> _TASK REQUIREMENTS_:
Work out the count of lines in the entries below that include "Original", and write only that count.

┄┄┄┄┄┄┄┄┄┄┄┄┄┄┄┄┄┄┄┄

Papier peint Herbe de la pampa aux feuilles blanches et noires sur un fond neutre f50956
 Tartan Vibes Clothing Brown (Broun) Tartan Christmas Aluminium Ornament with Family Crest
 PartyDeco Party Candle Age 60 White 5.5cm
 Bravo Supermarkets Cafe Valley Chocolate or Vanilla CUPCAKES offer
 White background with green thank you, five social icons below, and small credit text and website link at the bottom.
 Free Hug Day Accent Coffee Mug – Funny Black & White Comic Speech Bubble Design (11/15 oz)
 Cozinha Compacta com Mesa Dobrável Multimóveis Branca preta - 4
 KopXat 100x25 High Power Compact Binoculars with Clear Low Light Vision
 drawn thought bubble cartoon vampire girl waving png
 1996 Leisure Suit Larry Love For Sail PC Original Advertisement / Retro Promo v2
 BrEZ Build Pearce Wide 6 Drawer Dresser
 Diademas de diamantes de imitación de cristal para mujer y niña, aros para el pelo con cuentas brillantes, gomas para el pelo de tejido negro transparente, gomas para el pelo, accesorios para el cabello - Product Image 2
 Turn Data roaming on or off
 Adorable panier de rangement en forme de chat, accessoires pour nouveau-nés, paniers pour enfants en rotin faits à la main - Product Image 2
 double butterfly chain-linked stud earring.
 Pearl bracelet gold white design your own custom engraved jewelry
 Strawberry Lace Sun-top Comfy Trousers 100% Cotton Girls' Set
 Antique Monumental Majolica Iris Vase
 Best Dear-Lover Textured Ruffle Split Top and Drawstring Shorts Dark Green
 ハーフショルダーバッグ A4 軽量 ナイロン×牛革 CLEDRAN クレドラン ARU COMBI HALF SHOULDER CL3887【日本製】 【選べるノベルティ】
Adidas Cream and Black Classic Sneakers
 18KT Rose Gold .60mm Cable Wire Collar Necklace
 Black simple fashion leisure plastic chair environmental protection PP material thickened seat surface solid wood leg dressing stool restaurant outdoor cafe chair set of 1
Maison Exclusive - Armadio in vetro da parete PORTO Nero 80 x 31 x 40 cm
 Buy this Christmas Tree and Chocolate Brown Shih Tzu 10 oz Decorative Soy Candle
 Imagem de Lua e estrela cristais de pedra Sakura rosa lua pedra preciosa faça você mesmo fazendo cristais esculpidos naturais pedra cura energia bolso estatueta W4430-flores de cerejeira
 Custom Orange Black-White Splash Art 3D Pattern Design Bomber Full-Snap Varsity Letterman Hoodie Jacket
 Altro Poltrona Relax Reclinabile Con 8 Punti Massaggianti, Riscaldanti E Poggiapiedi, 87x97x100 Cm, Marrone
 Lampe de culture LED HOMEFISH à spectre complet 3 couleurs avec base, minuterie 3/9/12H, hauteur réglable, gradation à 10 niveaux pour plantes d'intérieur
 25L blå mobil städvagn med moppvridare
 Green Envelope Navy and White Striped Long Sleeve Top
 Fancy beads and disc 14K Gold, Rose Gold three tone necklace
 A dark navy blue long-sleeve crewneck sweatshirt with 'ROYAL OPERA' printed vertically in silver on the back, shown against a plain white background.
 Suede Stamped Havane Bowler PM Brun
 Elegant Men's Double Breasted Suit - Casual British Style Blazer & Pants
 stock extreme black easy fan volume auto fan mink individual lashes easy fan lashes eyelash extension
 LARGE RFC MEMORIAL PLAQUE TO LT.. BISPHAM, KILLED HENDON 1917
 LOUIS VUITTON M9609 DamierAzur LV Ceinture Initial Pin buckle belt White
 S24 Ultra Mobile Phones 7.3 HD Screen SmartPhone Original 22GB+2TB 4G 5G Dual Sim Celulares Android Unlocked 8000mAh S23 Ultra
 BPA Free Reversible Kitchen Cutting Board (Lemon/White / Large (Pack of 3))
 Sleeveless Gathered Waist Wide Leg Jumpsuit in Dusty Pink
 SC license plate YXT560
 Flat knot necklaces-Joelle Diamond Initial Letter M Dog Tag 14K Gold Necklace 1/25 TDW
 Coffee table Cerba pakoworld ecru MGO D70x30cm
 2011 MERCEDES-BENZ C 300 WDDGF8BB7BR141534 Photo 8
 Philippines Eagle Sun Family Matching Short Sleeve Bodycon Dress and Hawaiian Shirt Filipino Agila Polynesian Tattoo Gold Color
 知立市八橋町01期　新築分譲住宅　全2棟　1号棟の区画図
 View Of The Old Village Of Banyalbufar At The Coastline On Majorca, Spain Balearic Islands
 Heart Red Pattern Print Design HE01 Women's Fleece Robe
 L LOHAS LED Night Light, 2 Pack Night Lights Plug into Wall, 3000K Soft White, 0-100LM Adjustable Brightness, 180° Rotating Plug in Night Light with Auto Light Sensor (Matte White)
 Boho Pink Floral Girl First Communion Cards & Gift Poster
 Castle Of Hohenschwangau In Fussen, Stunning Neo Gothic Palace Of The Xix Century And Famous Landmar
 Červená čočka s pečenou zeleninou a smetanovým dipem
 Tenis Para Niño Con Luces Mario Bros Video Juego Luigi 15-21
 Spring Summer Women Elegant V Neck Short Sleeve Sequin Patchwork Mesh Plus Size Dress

┄┄┄┄┄┄┄┄┄┄┄┄┄┄┄┄┄┄┄┄

> _RESPONSE TO THIS EXERCISE_:
2